Conclusão e reflexões finais
A importância da estabilidade nas normas tributárias e a proteção dos direitos adquiridos
A análise das recentes alterações no Perse, à luz do art. 178 do CTN e da jurisprudência do STJ e do STF, revela uma série de questões jurídicas críticas. As mudanças legislativas, incluindo a redução das atividades econômicas elegíveis, a imposição de um teto financeiro para os incentivos e a exigência retroativa de inscrição no cadastur, suscitam preocupações significativas sobre a segurança jurídica e a proteção dos direitos dos contribuintes.

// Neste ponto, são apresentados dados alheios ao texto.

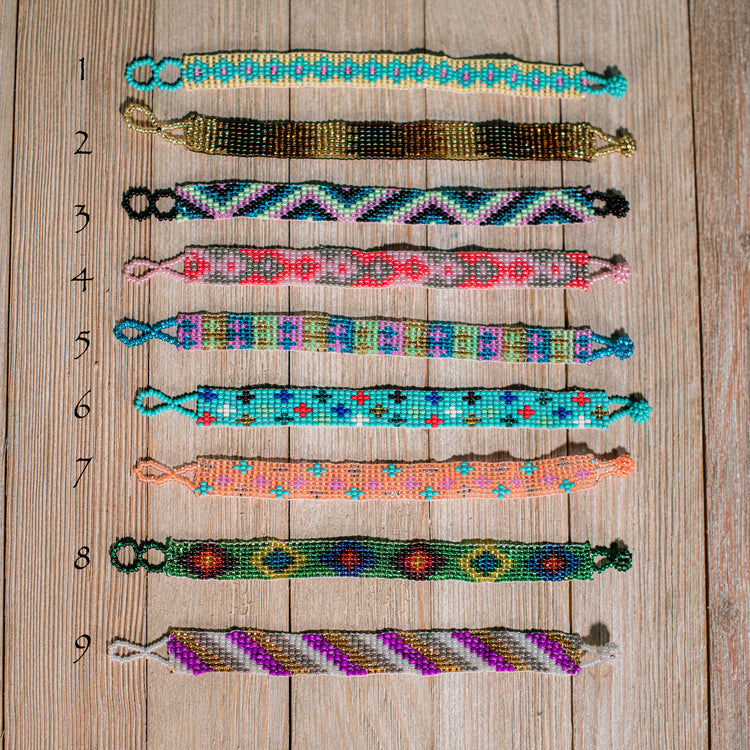 Beaded Friendship Bracelet: Choose Your Color!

O art. 178 do CTN desempenha um papel crucial ao garantir que isenções fiscais concedidas por prazo certo e sob condições específicas não possam ser revogadas ou alteradas antes do término do prazo estabelecido. Essa norma visa assegurar que os contribuintes possam planejar suas atividades econômicas com previsibilidade e segurança. No caso do Perse, as modificações implementadas comprometem a estabilidade esperada pelos contribuintes, que haviam estruturado seus negócios com base nas condições originalmente estabelecidas.
A equiparação entre isenção fiscal e alíquota zero é um aspecto fundamental dessa discussão. Apesar das distinções técnicas, ambos os mecanismos resultam na desoneração tributária, o que justifica a aplicação das proteções do art. 178 do CTN. As decisões do STJ e do STF reforçam a necessidade de reconhecer que mudanças nas condições de benefício fiscal, especialmente quando vinculadas a certas condições, não podem ser feitas de maneira arbitrária ou inesperada, sob pena de violar os princípios da segurança jurídica e da proteção da confiança legítima dos contribuintes.
Além disso, as alterações introduzidas, ao diferenciarem entre regimes tributários e imporem novos requisitos, como a inscrição retroativa no cadastur, adicionam uma camada de complexidade e incerteza que desestabiliza o ambiente econômico. A insegurança jurídica resultante dessas mudanças prejudica a competitividade das empresas e mina a confiança no sistema jurídico, essencial para o funcionamento justo e eficiente do mercado.
Em suma, as modificações no Perse, ao desconsiderarem as garantias legais de estabilidade e previsibilidade, comprometem a confiança dos contribuintes no sistema tributário brasileiro. Para preservar a justiça fiscal e a segurança jurídica, é imperativo que qualquer alteração legislativa respeite os direitos adquiridos e as expectativas legítimas dos contribuintes, conforme estabelecido pelas normas vigentes e pela interpretação consolidada dos tribunais superiores.